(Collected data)
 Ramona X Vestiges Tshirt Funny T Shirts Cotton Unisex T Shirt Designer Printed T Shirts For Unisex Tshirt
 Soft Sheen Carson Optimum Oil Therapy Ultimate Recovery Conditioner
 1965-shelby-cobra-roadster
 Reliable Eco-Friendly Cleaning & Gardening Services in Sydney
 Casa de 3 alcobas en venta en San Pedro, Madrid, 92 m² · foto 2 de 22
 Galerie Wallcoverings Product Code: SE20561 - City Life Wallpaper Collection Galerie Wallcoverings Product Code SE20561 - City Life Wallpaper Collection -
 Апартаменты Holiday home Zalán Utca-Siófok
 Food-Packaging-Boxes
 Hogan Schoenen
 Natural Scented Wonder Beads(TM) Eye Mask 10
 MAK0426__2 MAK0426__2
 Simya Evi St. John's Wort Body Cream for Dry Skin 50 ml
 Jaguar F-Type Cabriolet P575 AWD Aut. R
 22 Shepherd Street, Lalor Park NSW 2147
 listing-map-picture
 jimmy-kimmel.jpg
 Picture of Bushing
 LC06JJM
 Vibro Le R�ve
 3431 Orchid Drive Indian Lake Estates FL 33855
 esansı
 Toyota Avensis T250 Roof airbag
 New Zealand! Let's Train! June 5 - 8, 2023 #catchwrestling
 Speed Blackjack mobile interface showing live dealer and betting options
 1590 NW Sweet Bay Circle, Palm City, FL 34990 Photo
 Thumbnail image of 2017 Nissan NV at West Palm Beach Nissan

Problem to work on —
Exactly the lines from the one containing "1590 NW Sweet" through the final line above, and only those, should be given again.

Answer to this task —
 1590 NW Sweet Bay Circle, Palm City, FL 34990 Photo
 Thumbnail image of 2017 Nissan NV at West Palm Beach Nissan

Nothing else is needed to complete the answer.